Understanding the future of our planet’s climate is vital but it is easier said than done. To predict such complexity requires cutting-edge models and, according to University of Oxford physicist Tim Palmer, an understanding of chaos theory and supercomputing. Palmer will present a public lecture tonight at 7 P.M. Eastern time that will be broadcast live on this Web page, detailing the difficulties of predicting climate change and the need to embrace a degree of inexactness in modeling it.
Chaos theory is a field of mathematics that studies dynamic systems that can change drastically based on the smallest changes in their initial conditions. Because the future behavior of these systems is completely determined by their initial conditions, they are impossible to accurately predict. Weather and climate is a natural example of a deterministic, dynamic system. “If the flap of a butterfly’s wings can change the course of weather and climate,” Palmer wrote for the talk’s trailer, “what hope do we have trying to predict anything about climate 100 years hence?” Inexact supercomputing, which provides different results for the same input conditions, could be a way of modeling a chaotic system such as climate.
The talk, “Climate Change, Chaos and Inexact Computing,” is part of a public lecture series at the Perimeter Institute for Theoretical Physics in Ontario.
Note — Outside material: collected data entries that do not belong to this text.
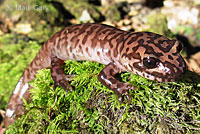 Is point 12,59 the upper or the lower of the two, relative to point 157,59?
upper

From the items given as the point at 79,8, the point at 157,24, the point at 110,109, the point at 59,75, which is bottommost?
the point at 110,109

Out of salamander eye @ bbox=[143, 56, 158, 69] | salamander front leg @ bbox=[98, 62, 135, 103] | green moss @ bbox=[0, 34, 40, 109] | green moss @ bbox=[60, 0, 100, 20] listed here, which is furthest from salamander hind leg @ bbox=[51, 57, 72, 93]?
green moss @ bbox=[60, 0, 100, 20]

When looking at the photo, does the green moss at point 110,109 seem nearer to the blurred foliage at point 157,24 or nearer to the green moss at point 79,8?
the blurred foliage at point 157,24

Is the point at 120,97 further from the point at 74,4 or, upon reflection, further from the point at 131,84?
the point at 74,4

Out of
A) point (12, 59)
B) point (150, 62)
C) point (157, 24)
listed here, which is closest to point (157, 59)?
point (150, 62)

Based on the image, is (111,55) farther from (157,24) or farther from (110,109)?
(157,24)

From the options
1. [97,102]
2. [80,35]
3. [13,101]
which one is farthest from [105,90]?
[13,101]

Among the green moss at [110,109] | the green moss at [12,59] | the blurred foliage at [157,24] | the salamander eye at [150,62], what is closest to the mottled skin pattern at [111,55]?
the salamander eye at [150,62] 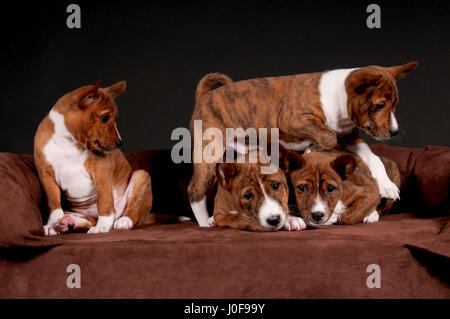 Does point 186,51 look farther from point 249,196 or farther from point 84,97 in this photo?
point 249,196

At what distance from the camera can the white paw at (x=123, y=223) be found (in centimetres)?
385

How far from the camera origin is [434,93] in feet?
18.1

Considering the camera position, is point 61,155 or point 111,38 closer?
point 61,155

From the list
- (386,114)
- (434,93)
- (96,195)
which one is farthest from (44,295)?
(434,93)

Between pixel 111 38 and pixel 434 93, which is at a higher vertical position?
pixel 111 38

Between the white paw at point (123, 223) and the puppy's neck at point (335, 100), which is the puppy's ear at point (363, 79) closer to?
the puppy's neck at point (335, 100)

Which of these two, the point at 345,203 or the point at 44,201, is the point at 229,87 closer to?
the point at 345,203

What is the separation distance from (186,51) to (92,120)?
81.8 inches

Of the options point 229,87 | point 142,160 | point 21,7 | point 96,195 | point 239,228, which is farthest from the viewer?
point 21,7

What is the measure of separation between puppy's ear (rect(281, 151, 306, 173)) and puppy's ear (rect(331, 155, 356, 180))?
0.72 feet

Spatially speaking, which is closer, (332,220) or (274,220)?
(274,220)

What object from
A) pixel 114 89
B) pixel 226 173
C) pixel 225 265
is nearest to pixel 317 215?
pixel 226 173

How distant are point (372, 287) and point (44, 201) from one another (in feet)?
7.45

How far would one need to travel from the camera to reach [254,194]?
358cm
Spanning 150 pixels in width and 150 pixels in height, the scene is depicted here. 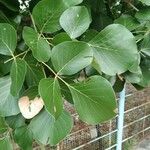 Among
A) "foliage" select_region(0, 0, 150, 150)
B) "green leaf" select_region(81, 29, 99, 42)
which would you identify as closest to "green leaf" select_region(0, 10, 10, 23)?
"foliage" select_region(0, 0, 150, 150)

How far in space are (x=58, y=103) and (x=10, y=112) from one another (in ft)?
0.35

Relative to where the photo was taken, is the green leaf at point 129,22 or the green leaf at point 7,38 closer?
the green leaf at point 7,38

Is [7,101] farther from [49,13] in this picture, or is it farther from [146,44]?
[146,44]

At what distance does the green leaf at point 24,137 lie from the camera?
1.77ft

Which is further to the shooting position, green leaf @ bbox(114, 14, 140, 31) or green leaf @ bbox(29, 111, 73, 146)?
green leaf @ bbox(114, 14, 140, 31)

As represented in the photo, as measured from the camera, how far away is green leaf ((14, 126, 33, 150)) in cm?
54

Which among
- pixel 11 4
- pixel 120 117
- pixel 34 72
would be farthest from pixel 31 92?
pixel 120 117

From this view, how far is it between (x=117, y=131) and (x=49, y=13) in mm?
1642

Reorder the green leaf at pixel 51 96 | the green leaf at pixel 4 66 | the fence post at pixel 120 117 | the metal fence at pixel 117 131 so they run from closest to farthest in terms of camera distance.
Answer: the green leaf at pixel 51 96, the green leaf at pixel 4 66, the fence post at pixel 120 117, the metal fence at pixel 117 131

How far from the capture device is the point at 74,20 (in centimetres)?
47

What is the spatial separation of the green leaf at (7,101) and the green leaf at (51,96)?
0.26ft

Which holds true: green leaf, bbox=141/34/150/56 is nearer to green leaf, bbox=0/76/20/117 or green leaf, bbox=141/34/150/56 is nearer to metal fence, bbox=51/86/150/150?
green leaf, bbox=0/76/20/117

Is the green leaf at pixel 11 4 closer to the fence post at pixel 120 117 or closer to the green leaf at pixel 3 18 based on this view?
the green leaf at pixel 3 18

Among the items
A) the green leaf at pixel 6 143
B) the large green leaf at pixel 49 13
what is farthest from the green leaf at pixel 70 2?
the green leaf at pixel 6 143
Online viewers can pose questions by tweeting to @perimeter and using the #piLIVE hashtag.
You can view videos of some past Perimeter physics lectures below:
Shape-Shifting Particles: Mysterious Neutrinos [Video]
The Hunt for Dark Matter and Dark Energy [Video]
Strange, Dense Matter: The Power of Neutron Stars [Video]
How Radioactivity Can Benefit Your Health [Video]
The Promise of Optical Atomic Clocks: Watch Live Wednesday [Video]
The Astonishing Simplicity of Everything [Video]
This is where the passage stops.